The new University Park Public Library location is the second floor of Preston Center Plaza. The old location was the first floor of a Chase Bank building at the southern end of Snider Plaza, at the intersection of Daniel and Hillcrest. The owner of the former building, Albert Huddleston, charged the city $1 per year to use the building space, as of 2009.

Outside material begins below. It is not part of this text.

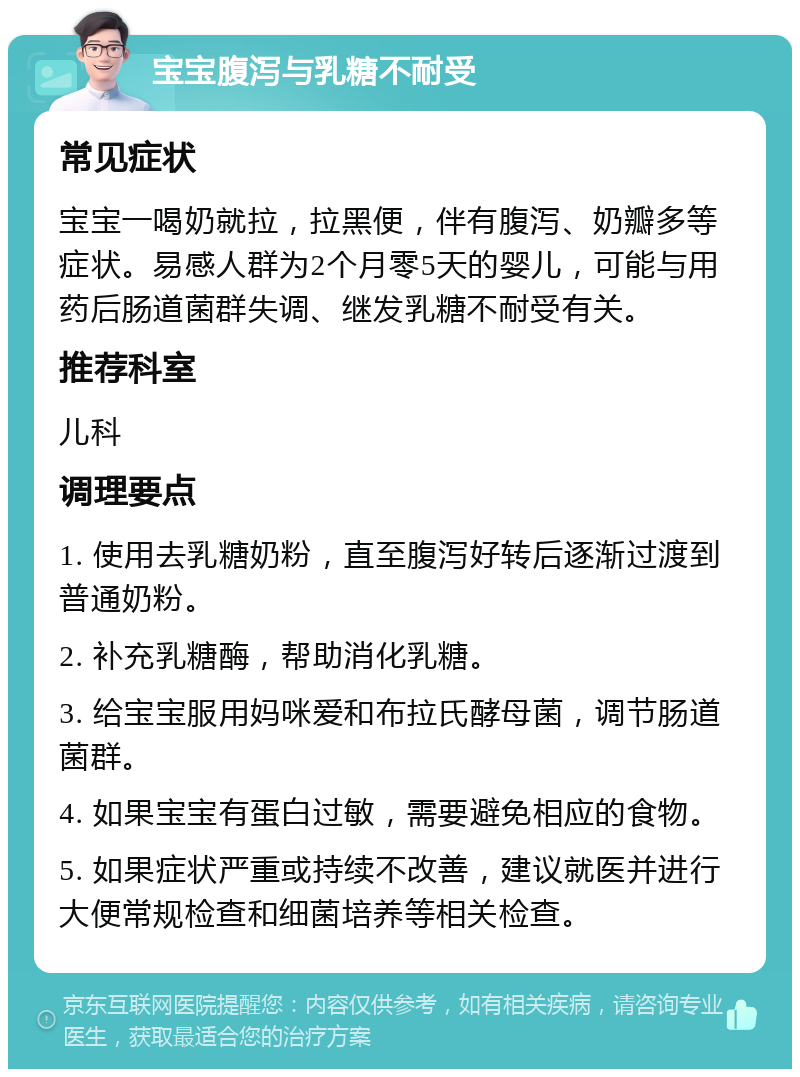 宝宝腹泻与乳糖不耐受 常见症状 宝宝一喝奶就拉，拉黑便，伴有腹泻、奶瓣多等症状。易感人群为2个月零5天的婴儿，可能与用药后肠道菌群失调、继发乳糖不耐受有关。 推荐科室 儿科 调理要点 1. 使用去乳糖奶粉，直至腹泻好转后逐渐过渡到普通奶粉。 2. 补充乳糖酶，帮助消化乳糖。 3. 给宝宝服用妈咪爱和布拉氏酵母菌，调节肠道菌群。 4. 如果宝宝有蛋白过敏，需要避免相应的食物。 5. 如果症状严重或持续不改善，建议就医并进行大便常规检查和细菌培养等相关检查。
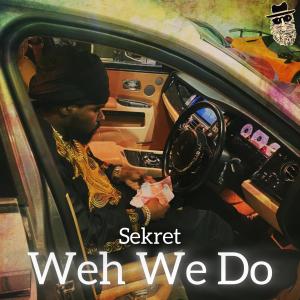 SeKret的專輯Weh We Do (feat. Mark Topsecret)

The library opened on June 7, 2001, as the University Park Book Bank in Snider Plaza. Before this, the town had no library. Residents could pay to use the Highland Park Public Library or the Dallas Public Library. On April 1, 2002, the book bank became a municipal library.

==Parks and recreation==

The City of University Park operates several parks. They include Burleson Park, Caruth Park, Coffee Park, Curtis Park, Elena's Children's Park, Germany Park, Goar Park, Linear Park, Smith Park, and Williams Park.

Burleson Park was named after James B. Burleson, who served as the Mayor Pro-tem and the city commissioner. University Park mayor H. E. Yarbrough dedicated the park on September 5, 1947. Elena Children's Park was named after Mary Elena Franklin, a girl who died at the age of three in an automobile accident on August 2, 1997. Over 500 corporations, families, and foundations contributed to the park.

The Holmes Aquatic Center, within Curtis Park, has a 50 m pool, 1 m and 3 m diving boards, a water slide, and an accessibility ramp. The park also has a pool for younger children and a 1500 sqft sprayground. University Park residents and residents of the Highland Park Independent School District are permitted to use the park. The city operates six tennis courts available only to University Park residents. Parks with tennis courts include Burleson, Caruth, Curtis, Germany, Smith, and Williams.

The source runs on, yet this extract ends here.